The Bad Pitch Blog even went so far as to 'honour' them with a Lifetime Achievement Award (pictured) - though I think that if it was a bad pitch then the ball should be falling out of the glove, not neatly caught in it.
This post may represent a change of tact in the battle against PR spam: creating public appeals to the brand owner rather than the PR agency itself. As the post says:
To Samsung, Westinghouse Digital and Dotster I ask if you want people like this representing your brand.
Blasting news releases to anyone with an email address and ignoring their replies is not practicing media relations – it’s spamming. They’ve done a bad enough job handling media relations on their clients' behalf that I’m forced to call these brands into question.

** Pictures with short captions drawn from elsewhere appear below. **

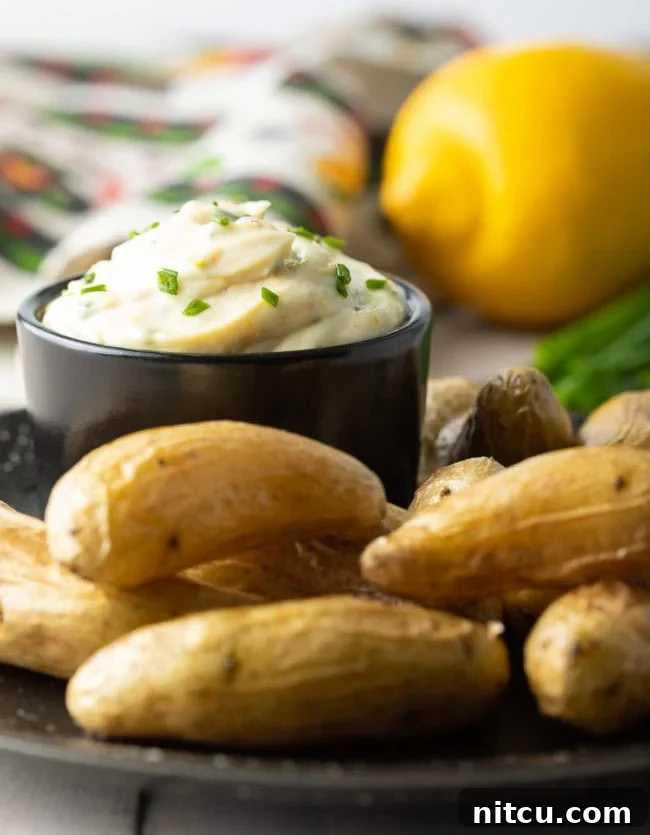 Enchanted Aioli 8 A bowl of aioli sauce on a plate with fingerlings.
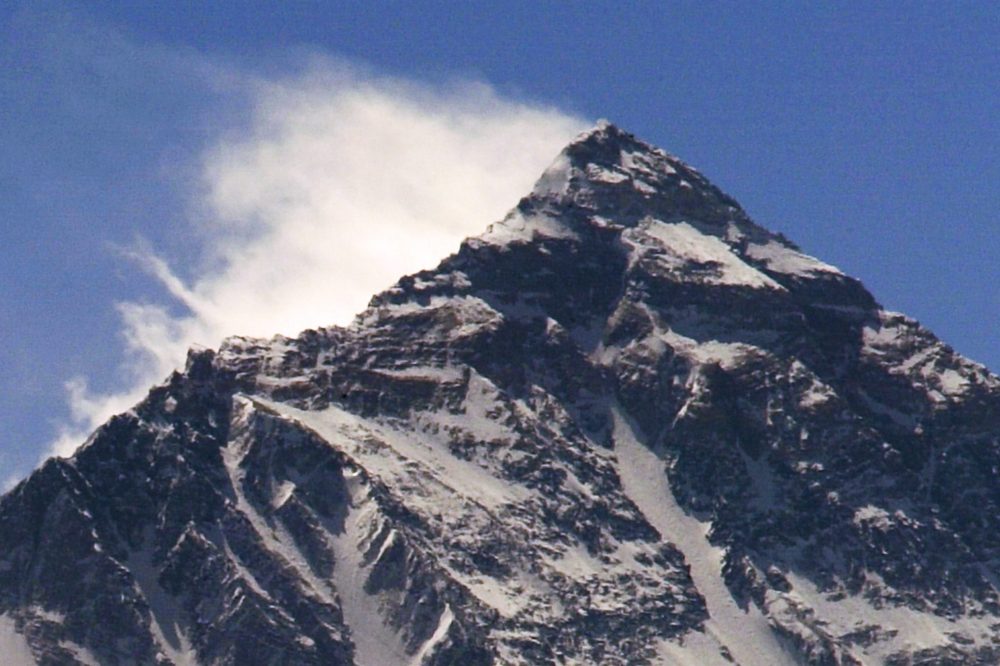 Clouds move from Nepal around Mount Everest Himalayas in Tibet. 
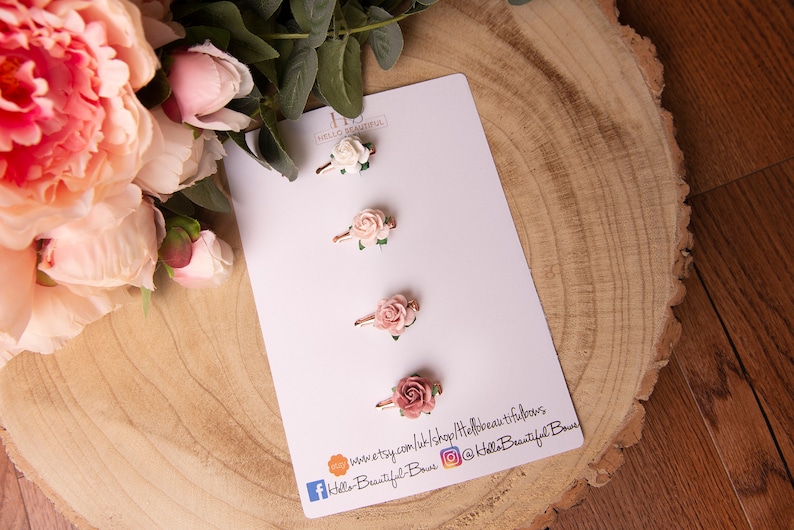 May include: Three pink and white flower hair clips on a white card with the text "Hello Beautiful Bows" and social media handles.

When the people that you are paying to represent your brand start to tarnish it, it poses a major risk to the reputation of your brand. Firstly from the intial spam that these people are sending, but secondly from the extended implications of this, namely that your brand has chosen these people to represent them and are still paying them despite a large amount of complaints from the journalist community.
It's becoming increasingly important for brands to not only listen to what is being said about them, but also to listen to what is being said about the people they outsource work to and who represent their company. If they don't and respond in the correct way to any negative feedback (e.g. when journalists consistently complain, find a new PR agency and ensure that they are representing the company in the right way), then they risk damaging their brand and losing trust from the communities, including journalists, that they are trying to reach.